── INFORMATION SUPPLIED ──

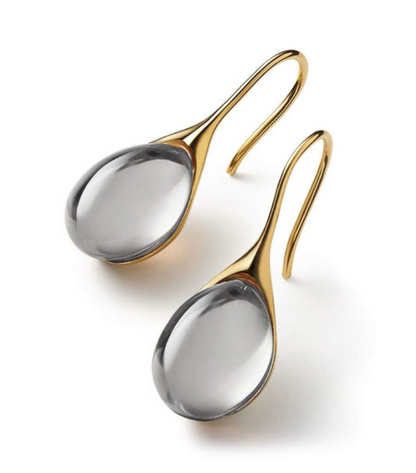 Pendientes colgantes de cristal en oro y plata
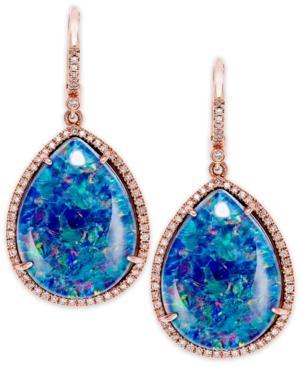 14k Rose Gold Earrings, Opal Triplet And Diamond (1/2 Ct. T.w.) Earrings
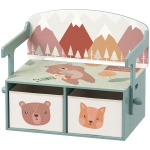 Qaba Kids Toy Box Chest, 3-in-1 Convertible Wooden Toy Storage Bench w/  2 Non-Woven Drawers, for Bedroom, Playroom, Green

───

Pictures are to be dropped, and the lines from the line with "14k Rose Gold" through the end of the material above are to be reproduced exactly.

RESPONSE BELOW |
 14k Rose Gold Earrings, Opal Triplet And Diamond (1/2 Ct. T.w.) Earrings
 Qaba Kids Toy Box Chest, 3-in-1 Convertible Wooden Toy Storage Bench w/  2 Non-Woven Drawers, for Bedroom, Playroom, Green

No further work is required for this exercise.